I refuse to believe that his concern was fake... I refuse to believe that our friendship was fake.

We wait for few minutes before the cab, Arham had booked, arrived. Arham opens the door for me and goes around the cab and takes his seat in the passenger seat next to the driver. A part of me was awed seeing his chauvinism but another part of me is disappointed that he is being too formal, why didn't he take the seat next to me.

I gave address of my stop to the driver and soon we were off.

'Arham...where do you stay?' I say out of curiosity.

'KV apartments' he says not looking at me but at the road front. I nod my head. KV apartment is among cheap residential areas here in Mumbai, why will he stay there? Perhaps he is bankrupt? I am getting more curious now.

'You live alone?' I probed further

Arham doesn't respond for few minutes 'I live in a studio apartment, alone' he says. I nod my head again.

Studio apartment is no less Khabutar khana, why does he live there.

The rest of the ride goes in silence.
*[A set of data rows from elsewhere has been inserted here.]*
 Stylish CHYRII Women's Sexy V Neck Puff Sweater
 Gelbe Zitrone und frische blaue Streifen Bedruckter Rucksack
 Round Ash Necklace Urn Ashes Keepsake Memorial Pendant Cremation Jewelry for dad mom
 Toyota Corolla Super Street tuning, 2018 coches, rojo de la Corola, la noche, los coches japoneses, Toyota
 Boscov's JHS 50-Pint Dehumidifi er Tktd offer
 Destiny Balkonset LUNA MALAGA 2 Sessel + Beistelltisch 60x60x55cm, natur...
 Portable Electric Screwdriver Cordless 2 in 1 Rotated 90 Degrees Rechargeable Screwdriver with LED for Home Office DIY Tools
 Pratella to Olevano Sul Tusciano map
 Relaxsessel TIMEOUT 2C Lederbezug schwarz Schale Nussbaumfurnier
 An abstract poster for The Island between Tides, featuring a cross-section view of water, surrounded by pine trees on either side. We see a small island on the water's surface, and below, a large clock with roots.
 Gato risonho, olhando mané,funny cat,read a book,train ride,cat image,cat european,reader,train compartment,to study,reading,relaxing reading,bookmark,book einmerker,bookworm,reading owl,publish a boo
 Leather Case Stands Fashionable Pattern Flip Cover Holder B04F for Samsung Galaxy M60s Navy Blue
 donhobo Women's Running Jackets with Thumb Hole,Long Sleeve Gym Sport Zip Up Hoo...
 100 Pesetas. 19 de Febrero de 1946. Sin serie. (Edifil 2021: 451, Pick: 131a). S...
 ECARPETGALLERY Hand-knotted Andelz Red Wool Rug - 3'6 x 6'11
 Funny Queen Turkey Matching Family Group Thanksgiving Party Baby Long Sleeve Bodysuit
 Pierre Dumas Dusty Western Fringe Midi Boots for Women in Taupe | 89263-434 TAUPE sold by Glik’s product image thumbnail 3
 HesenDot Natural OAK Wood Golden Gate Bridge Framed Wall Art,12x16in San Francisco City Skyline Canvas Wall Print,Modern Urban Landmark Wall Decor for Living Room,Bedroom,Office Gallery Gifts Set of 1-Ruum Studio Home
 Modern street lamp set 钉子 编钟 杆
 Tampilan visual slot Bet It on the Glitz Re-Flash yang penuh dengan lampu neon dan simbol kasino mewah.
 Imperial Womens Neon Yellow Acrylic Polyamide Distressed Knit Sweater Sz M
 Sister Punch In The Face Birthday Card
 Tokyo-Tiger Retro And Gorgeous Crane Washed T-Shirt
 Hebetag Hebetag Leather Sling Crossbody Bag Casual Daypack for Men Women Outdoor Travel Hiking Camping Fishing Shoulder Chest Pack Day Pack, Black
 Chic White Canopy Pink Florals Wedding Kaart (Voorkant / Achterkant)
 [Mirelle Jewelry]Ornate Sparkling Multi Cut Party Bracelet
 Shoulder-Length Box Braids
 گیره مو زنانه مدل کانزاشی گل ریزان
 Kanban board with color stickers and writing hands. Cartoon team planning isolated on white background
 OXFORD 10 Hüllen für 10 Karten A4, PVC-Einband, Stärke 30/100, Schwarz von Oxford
Finally, my apartments come and I bid goodbye to Arham. He simply nods. I watch the cab go. I wanted to spend some more time with him and know him better.

All the memories of time we spent together came flashing in front of my eyes and my heart sinks lower.

As I walk towards the elevator I hear some sounds, I check my watch. It's 12.30am, I have never been so late before. I didn't wait for the elevator and decided to take the stairs. It's really quiet now in mid night. I could hear cricket singing and dogs barking occasionally. I make my way towards the stair case. I saw five men sitting at a small table playing cards and drinking.

I gulp. They look at me lustfully and scared me out of my skin.

What the hell was I thinking staying up so late at work?

I lower my head and quickly make my way towards the stairs when one of the hooligan blocked my way. I looked at him terrified.